Posts Tagged ‘Labour leadership’

Corbyn won’t be leader into 2020, but he will decide who is

21/09/2015, 09:54:15 PM

by Kevin Meagher

If you don’t like heights, then it’s probably not worth setting your heart on becoming a steeplejack. Given Jeremy Corbyn has never sought a frontbench job in his 32 years as a Labour MP until it was “his turn” to stand for the leadership as the left’s standard bearer, how will he now cope with the demands of the job?

After his first week he will have discovered that leading a political party (and not just any party, but the official opposition) is all-consuming. Wooing people you don’t like (and who may not like you in return). Defusing internal rows. Prepping for PMQs.

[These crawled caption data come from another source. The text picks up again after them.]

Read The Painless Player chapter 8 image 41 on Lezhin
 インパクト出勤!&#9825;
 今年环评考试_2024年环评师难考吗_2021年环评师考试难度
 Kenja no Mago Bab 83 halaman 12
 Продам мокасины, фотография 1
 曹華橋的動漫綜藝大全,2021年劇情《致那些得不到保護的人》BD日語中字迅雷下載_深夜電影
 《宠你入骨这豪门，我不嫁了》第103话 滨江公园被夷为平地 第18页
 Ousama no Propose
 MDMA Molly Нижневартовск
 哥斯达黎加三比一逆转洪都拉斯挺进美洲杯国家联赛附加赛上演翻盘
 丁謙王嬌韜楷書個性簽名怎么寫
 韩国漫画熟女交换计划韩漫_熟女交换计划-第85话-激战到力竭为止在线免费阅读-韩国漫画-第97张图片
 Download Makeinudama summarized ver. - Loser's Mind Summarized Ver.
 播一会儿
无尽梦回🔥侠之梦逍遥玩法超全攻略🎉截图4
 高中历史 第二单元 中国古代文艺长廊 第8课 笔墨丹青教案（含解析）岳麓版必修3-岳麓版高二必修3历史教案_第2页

An endless cycle of trudging around the country on visits. Round after round of media interviews. A big part of the job is trying to get noticed (for the right reasons) and stay relevant to what is going on in the news.

Then there’s the small matter of Corbyn’s track record as a serial rebel, plus an array of causes and radical positions he has spent three decades adopting that will require endless defending and explaining. There is a reason why our successful professional politicians are all things to all people.

To his credit, Corbyn is not a personally ambitious man. There is no yellowing envelope in his jacket pocket plotting each stage of his rise to greatness. He does not covet power and thinks, instead, as part of a collective, “a movement” as he puts it.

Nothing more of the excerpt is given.